How Webhooks Work: A Technical Deep Dive

Published Feb 21 202612 min read
Technical diagram showing how webhooks work with HTTP POST requests and event-driven architecture

If you have read the complete guide to webhooks, you know what webhooks are and why they matter. This guide goes deeper. We will examine the internal architecture of webhook systems — how events are captured, payloads are constructed, deliveries are dispatched, retries are handled, and how the entire pipeline scales to millions of events. Understanding these internals makes you a better webhook consumer and helps you build more reliable integrations.

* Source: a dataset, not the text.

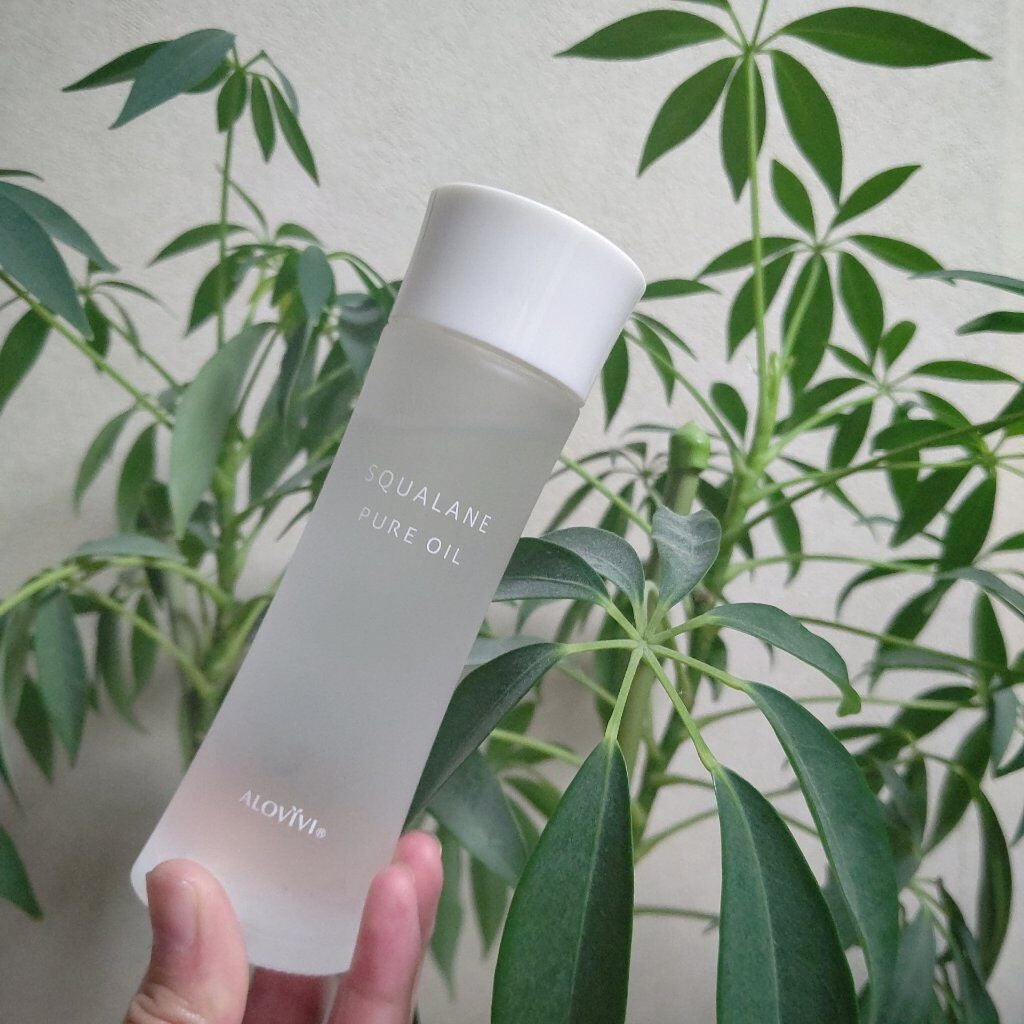 スクワランピュアオイル/アロヴィヴィ/フェイスオイルを使ったクチコミ(1枚目)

The HTTP POST Request: Foundation of Every Webhook

At its core, every webhook is an HTTP POST request. Understanding the mechanics of this request is essential to understanding how webhooks work.

The Request Lifecycle

When a webhook provider sends you an event, here is exactly what happens at the network level:

1

DNS Resolution

The provider resolves your webhook URL's domain name to an IP address. This is why your endpoint needs a valid DNS record — and why DNS propagation delays can cause webhook delivery failures after domain changes.

2

TLS Handshake

If your endpoint uses HTTPS (and it should), the provider and your server establish an encrypted connection. The provider verifies your server's TLS certificate, and they negotiate encryption parameters. This typically takes 1-3 round trips.

3

HTTP Request Transmission

The provider sends the HTTP POST request containing the method, path, headers, and body:

POST /webhook/endpoint HTTP/1.1
Host: your-app.com
Content-Type: application/json
Content-Length: 342
X-Webhook-ID: evt_abc123
X-Webhook-Timestamp: 1708523400
X-Webhook-Signature: v1=a1b2c3d4e5f6...
User-Agent: WebhookProvider/2.0

{"event":"payment.completed","data":{"id":"pay_789","amount":4999}}
4

Response

Your server receives the request, processes it (or queues it for processing), and returns an HTTP response. The provider typically expects a 2xx status code within 5-30 seconds.

Webhook Headers in Detail

Headers carry critical metadata about the webhook delivery. Here are the headers you will encounter:

Standard HTTP headers:

  • Content-Type — almost always application/json; occasionally application/xml or application/x-www-form-urlencoded
  • Content-Length — size of the request body in bytes
  • User-Agent — identifies the webhook provider (e.g., Stripe/1.0, GitHub-Hookshot/abc123)

Provider-specific headers:

  • X-Webhook-ID or X-Request-ID — unique identifier for this delivery attempt
  • X-Webhook-Timestamp — when the webhook was sent (Unix timestamp or ISO 8601)
  • X-Webhook-Signature — cryptographic signature for verification
  • X-Webhook-Event — the event type that triggered this delivery

Different providers use different header naming conventions. Stripe uses Stripe-Signature, GitHub uses X-Hub-Signature-256, and Shopify uses X-Shopify-Hmac-Sha256. The Standard Webhooks specification aims to unify these under webhook-id, webhook-timestamp, and webhook-signature.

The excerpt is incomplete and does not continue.